What is an investment memorandum?
An investment memorandum, or investment memo, is a document crafted to offer a comprehensive company overview, primarily aimed at attracting investment. The company circulates the investment memorandum in search of investment opportunities from potential investors. It can be thought of as a company’s pitch in a written form.
Who writes an investment memorandum?
The company’s leadership team typically writes an investment memo. However, it’s common for companies to take the help of professionals outside the company to compose the document. These professionals include investment bankers and other intermediaries with extensive experience structuring and articulating the information within the investment memo.
To understand how to write an effective memo, it’s crucial to understand what a memorandum consists of.
1. Executive summary: It must be concise and not span more than three pages. This section encapsulates an overview of the company’s financials, strengths, and future potential. It serves as a reference for busy investors who prefer to get a summary of the entire document succinctly.
2. Business overview: In this section, the writer can typically talk about the problem the company is trying to solve while explaining why the problem is significant and what the company’s offerings are, bridging the gaps in the approaches in the current solutions. This section is where the writer can showcase your unique solution.
3. Industry analysis and market overview: This section should provide insights into the industry’s dynamics and offer a comprehensive overview of the market size. To craft this section, a writer should conduct a thorough market analysis before writing down their findings. The writer can also include why now is the right time to solve the problem, as it adds weight to the product’s use case. The competitor landscape can also be included in this section, where the writer can highlight the competitive advantage.
4. Product: In this section, the writer can start by presenting a brief overview and provide an extensive analysis of how the product will evolve to achieve the desired effect on the market.
5. Financial results and projections: This section should include audited financial statements along with financial projections.
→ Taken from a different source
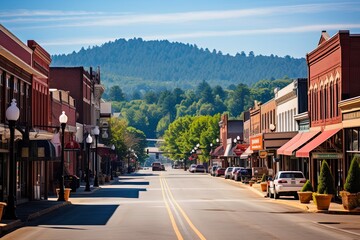 Discovering the Charm of Helen, Georgia: A Traveler's Guide to this Quaint Appalachian Town's Squares and Landmarks - obrazy, fototapety, plakaty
These growth metrics help present a quantitative overview of the company’s potential. The writer can also include other relevant KPIs in this section.
6. Use of funds and capital structure: This chapter outlines how the raised funds will be allocated and demonstrates the impact on the company’s capital structure. The depiction of capital structure provides insights into the company’s decision-making process.
7. Team composition: This section is the right place to demonstrate the strengths of each team member. It could be a good idea to start by introducing each team member’s background and how their unique perspective adds value to the business. Investors want to know how your team can handle challenges and how your team can collectively help the business succeed.
8. Risk factors and disclosures: Acknowledging that every venture involves risks, this section should candidly outline the potential risks and include the necessary disclosures. Transparency and awareness of risks portray the company as forthright and mindful, some of the key qualities investors typically seek.
Why does an investment memo matter in an investment pitch?
An investment memo helps an investor gain context for your pitch and provides a comparative analysis to the investors, allowing them to make decisions faster. Investors frequently receive numerous investment memos every week. This document allows them to own companies within their industry and facilitate informed investment decisions. Financial ratios often aid cross-company comparisons.
What did we learn:
An investment memo is a document that succinctly presents business information to investors, allowing them to gain a thorough understanding of the company’s financial standing and growth potential. An investment memo is an important document that complements the business pitch and helps investors decide quickly.